In the mid-1990s, Nevada rode high, wide and handsome. The Strip was in the midst of a building boom. The joke was that the state bird was the crane. Las Vegas and Reno were enmeshed in plans to redevelop their downtown cores. Then the voters got involved.
In 1996, Nevadans changed the Constitution to limit legislative service, prompting a mass exodus after the 2010 election (with another one pending in 2012). Get rid of the career politicians, voters said. Except that the legislature is a part-time job for which members are paid only for 60 days during a session and voters had had a means of imposing term limits under the Constitution: It’s called voting. The leader of the pro-term limits crowd was Sig Rogich, a longtime Republican operative, lobbyist and behind-the-scenes player (sometimes in front of the scenes, too). No one seemed inclined to suggest that eliminating senior, knowledgeable legislators might make it easier for operatives, lobbyists and behind-the-scenes players to run things.

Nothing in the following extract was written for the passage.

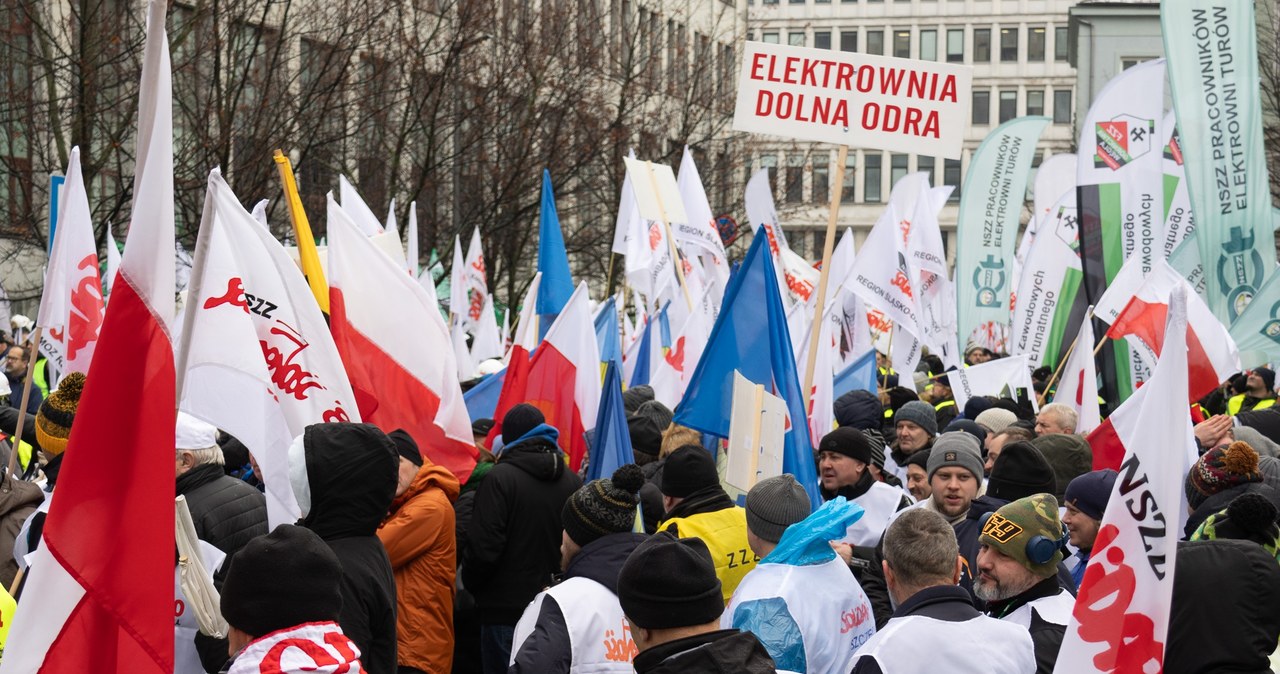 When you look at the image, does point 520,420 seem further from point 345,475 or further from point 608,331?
point 608,331

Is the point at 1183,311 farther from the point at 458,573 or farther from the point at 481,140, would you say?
the point at 481,140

Since then, a legislative majority from Clark County — with more than two-thirds of the seats — has been unwilling or unable to increase taxes on mining, which isn’t exactly the heart of southern Nevada’s economy. It suggests that some lobbyists have been as successful as critics of term limits have feared. But this year, some of the most important lobbyists for gaming and mining asked to continue the taxes that were due to sunset, and Republicans turned them down. Apparently, even when special interests want to do something for Nevada, newly ensconced right-wing legislators think they are unreasonable.

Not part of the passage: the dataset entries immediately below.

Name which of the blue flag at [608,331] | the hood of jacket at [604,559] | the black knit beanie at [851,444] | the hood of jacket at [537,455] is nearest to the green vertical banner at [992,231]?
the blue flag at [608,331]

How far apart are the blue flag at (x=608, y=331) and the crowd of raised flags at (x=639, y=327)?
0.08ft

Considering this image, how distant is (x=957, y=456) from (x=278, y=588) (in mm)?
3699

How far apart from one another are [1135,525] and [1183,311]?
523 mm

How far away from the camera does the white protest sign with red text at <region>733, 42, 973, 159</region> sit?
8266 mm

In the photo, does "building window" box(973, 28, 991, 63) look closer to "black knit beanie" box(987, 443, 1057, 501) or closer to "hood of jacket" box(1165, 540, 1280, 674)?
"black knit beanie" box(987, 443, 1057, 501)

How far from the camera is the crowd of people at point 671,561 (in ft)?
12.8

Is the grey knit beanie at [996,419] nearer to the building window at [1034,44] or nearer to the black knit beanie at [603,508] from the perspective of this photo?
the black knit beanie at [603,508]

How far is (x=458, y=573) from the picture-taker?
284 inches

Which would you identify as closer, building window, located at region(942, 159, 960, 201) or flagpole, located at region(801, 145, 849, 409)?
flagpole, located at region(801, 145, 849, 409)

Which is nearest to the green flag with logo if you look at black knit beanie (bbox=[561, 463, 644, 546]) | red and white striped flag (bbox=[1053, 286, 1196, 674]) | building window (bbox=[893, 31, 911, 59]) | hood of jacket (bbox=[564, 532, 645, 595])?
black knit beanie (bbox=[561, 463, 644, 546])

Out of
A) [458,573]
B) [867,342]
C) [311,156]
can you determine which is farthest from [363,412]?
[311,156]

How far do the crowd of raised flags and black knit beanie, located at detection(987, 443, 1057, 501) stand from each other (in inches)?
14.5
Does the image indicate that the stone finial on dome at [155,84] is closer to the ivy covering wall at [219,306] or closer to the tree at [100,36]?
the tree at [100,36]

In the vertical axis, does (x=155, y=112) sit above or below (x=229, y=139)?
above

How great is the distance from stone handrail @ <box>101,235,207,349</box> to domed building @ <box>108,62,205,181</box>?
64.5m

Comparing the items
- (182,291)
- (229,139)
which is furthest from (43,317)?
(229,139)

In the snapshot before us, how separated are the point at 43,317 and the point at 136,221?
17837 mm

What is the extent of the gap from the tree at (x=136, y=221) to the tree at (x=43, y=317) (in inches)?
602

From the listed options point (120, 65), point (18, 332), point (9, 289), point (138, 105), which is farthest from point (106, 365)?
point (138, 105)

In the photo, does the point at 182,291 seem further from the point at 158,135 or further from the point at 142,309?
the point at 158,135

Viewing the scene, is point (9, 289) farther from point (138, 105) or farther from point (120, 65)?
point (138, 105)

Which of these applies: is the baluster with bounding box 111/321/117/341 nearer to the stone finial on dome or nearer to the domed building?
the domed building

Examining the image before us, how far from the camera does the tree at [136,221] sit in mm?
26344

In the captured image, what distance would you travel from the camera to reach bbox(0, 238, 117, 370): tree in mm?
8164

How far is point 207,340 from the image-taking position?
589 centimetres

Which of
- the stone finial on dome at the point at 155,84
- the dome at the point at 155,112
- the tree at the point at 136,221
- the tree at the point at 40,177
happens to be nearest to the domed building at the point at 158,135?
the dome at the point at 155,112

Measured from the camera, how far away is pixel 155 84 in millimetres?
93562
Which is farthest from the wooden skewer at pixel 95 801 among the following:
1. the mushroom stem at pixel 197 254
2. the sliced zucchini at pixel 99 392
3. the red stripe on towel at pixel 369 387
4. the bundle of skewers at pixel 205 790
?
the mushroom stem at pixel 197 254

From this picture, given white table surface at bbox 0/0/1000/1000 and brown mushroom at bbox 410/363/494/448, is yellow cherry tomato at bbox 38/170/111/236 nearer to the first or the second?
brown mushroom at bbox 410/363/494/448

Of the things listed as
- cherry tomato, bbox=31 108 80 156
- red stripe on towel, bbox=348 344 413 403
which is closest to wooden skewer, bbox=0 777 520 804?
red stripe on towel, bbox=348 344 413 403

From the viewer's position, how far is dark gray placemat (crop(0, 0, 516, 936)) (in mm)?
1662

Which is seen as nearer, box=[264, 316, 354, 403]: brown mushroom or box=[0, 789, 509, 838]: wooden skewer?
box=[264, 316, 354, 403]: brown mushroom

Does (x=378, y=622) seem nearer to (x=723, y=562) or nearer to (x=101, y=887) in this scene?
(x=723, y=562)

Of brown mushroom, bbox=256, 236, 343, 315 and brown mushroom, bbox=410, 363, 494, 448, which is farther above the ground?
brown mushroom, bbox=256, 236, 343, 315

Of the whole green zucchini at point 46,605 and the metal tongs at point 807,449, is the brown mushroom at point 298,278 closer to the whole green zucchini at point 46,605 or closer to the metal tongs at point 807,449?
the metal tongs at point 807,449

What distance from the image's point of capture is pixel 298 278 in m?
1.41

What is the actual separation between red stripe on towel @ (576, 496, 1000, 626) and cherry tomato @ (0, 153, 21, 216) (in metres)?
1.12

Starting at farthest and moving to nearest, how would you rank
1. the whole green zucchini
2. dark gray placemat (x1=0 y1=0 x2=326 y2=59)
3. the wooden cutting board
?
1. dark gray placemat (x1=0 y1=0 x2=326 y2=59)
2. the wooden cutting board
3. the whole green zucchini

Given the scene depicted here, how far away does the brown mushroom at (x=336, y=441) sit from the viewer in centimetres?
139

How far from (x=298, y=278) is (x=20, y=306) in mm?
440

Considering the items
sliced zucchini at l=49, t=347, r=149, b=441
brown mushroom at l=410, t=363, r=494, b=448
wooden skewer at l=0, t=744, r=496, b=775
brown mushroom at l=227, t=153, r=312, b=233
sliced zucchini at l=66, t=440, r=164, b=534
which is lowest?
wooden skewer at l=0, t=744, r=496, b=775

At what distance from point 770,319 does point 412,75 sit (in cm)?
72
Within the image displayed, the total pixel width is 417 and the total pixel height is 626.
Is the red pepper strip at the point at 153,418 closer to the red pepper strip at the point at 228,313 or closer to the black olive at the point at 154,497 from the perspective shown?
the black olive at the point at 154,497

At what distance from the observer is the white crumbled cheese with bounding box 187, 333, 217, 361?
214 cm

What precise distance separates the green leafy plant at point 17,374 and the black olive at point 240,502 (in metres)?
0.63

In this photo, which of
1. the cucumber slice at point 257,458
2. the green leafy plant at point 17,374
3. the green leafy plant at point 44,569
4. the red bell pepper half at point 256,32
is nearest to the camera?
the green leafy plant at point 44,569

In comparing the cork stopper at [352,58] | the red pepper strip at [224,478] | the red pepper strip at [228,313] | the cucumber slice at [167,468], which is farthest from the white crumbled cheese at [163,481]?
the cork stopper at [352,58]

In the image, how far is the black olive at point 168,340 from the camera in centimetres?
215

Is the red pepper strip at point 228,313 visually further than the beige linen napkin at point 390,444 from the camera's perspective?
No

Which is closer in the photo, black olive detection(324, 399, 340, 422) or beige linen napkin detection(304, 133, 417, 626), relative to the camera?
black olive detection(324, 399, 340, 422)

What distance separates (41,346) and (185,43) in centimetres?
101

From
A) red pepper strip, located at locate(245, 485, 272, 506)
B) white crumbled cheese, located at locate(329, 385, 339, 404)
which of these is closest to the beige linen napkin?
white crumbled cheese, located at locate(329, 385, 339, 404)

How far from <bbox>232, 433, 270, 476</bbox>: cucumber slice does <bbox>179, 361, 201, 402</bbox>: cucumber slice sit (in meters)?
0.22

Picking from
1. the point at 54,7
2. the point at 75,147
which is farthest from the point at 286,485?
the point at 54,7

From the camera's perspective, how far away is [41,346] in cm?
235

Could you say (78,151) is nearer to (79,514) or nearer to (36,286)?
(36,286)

Also in 1996, Nevadans approved an initiative to require two-thirds of the Legislature to approve any tax hike. At the time, many figured, no big deal — Nevada rarely raised its taxes and, when it did, the support would be just about unanimous anyway. So in 2003, Gov. Kenny Guinn wound up suing the Legislature, through the good offices of Nevada Attorney General Brian Sandoval, to approve the tax hike he and the gaming industry wanted. The 2011 legislature was generally paralyzed over the issue, too, until the Nevada Supreme Court ruling against taking local money for state purposes, prompting Sandoval to negotiate and some actually to say this meant he was reasonable.
The leader of the effort for the two-thirds initiative back in 1994 was then-gubernatorial candidate Jim Gibbons, who couldn’t parlay this measure into victory, but later won the job — thanks mainly to the efforts of Sig Rogich. It’s a small world.

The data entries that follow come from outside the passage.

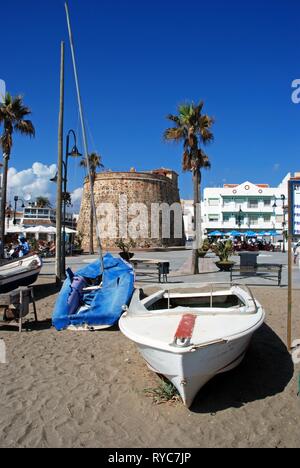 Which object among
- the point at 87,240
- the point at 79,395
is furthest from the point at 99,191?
the point at 79,395

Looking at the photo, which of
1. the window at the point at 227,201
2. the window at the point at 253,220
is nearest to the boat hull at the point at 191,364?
the window at the point at 227,201

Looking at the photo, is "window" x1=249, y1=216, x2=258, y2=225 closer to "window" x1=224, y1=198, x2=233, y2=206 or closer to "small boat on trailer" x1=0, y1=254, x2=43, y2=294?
"window" x1=224, y1=198, x2=233, y2=206

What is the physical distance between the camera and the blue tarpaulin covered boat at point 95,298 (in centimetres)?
770

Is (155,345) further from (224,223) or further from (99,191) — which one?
(224,223)

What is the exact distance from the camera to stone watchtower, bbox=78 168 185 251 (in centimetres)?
4297

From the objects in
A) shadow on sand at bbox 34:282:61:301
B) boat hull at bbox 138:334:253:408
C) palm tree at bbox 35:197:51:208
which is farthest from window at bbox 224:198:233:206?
boat hull at bbox 138:334:253:408

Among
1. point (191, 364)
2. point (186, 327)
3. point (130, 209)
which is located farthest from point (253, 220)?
point (191, 364)

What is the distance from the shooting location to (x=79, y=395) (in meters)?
4.75

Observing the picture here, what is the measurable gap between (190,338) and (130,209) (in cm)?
4037

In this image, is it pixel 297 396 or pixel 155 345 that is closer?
pixel 155 345

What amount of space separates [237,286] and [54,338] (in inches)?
136

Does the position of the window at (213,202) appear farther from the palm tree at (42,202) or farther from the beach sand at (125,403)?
the beach sand at (125,403)

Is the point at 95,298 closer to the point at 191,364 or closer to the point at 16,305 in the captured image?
the point at 16,305

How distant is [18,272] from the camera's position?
10898mm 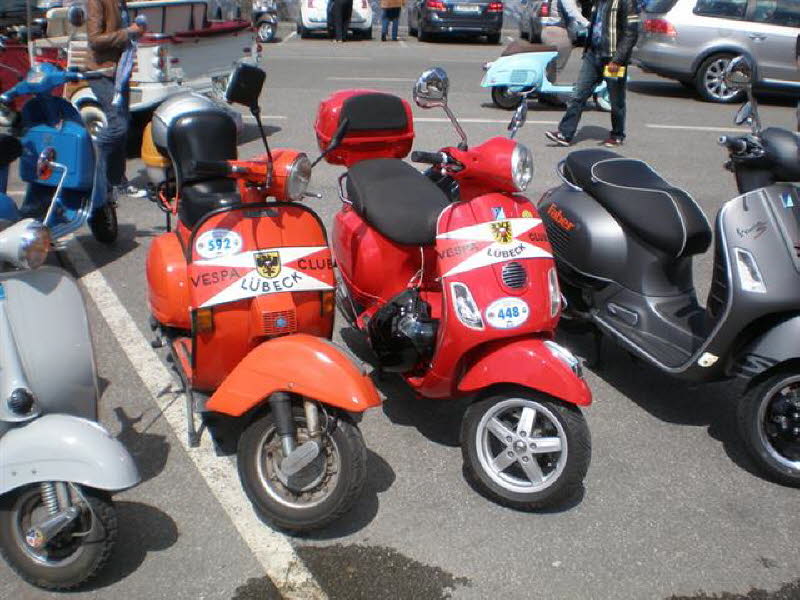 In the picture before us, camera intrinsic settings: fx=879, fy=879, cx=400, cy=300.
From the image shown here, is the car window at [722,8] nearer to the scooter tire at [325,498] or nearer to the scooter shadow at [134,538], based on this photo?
the scooter tire at [325,498]

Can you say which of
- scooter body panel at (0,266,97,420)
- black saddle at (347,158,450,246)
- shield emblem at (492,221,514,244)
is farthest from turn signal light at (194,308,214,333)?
shield emblem at (492,221,514,244)

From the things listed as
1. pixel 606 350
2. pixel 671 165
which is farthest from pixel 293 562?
pixel 671 165

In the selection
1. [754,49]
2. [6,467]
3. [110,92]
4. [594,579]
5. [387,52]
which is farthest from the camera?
[387,52]

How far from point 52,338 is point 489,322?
1552 millimetres

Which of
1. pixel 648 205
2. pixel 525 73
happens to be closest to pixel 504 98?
pixel 525 73

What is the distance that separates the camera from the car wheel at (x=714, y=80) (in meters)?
→ 11.6

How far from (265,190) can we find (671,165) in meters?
6.19

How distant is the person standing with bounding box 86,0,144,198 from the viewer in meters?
6.37

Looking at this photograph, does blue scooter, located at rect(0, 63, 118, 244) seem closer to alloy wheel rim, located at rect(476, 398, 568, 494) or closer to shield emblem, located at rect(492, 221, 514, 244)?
shield emblem, located at rect(492, 221, 514, 244)

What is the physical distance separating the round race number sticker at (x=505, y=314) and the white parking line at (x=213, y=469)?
1.11 metres

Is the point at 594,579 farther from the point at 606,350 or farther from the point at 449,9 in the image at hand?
the point at 449,9

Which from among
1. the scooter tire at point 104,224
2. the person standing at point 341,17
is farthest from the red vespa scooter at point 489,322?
the person standing at point 341,17

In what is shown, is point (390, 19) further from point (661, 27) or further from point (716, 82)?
point (716, 82)

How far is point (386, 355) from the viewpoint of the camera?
12.6 feet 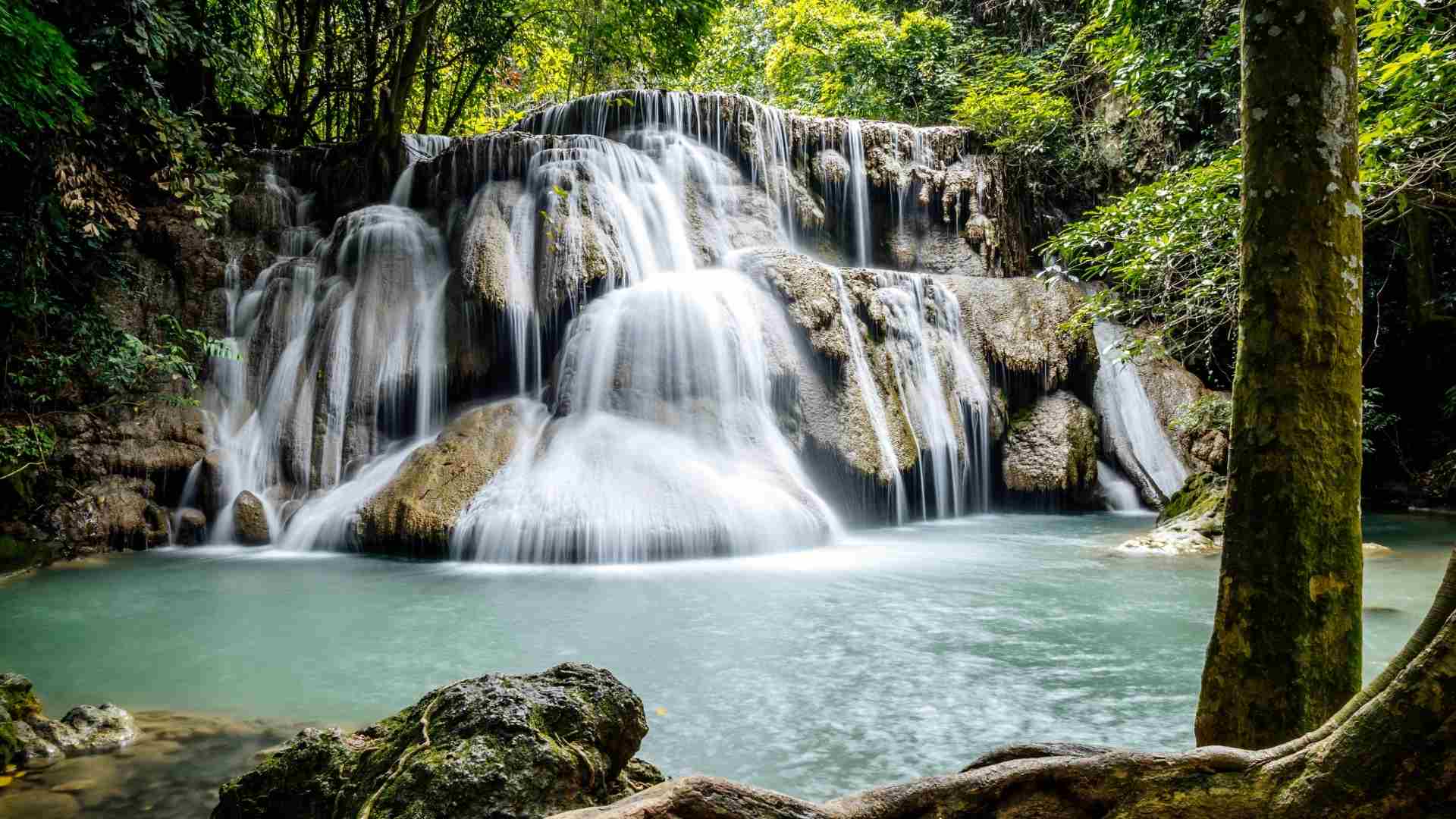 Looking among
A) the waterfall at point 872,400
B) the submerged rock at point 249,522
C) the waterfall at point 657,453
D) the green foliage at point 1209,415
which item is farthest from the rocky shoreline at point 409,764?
the green foliage at point 1209,415

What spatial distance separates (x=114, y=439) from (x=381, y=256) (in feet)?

In 1998, Nevadans amended the Constitution to limit the legislature to 120 days, with the vocal support of Bill Raggio, the longtime state senator from Washoe County. Ever since, special sessions and parliamentary trickery have been necessary for the legislature to complete its business, and each regular session is a crash landing, but without Captain Sully to glide the plane along. And before long, someone will claim that Raggio’s absence this year is the reason that the Legislature has been the modern version of Dante’s Inferno, although it has resembled that story for years.
Thus the irony: Just as the boom in Nevada proved, in some ways, to be a bubble, the voters sowed the seeds of their own destruction, not only with who they elected, but with the initiatives they supported. And the unseen hands they wanted to keep out of power helped them do it, and managed to cost themselves a significant amount of their power. It’s not just a small world; it’s a funny world, but nobody is laughing.
Michael Green is a professor of history at the College of Southern Nevada.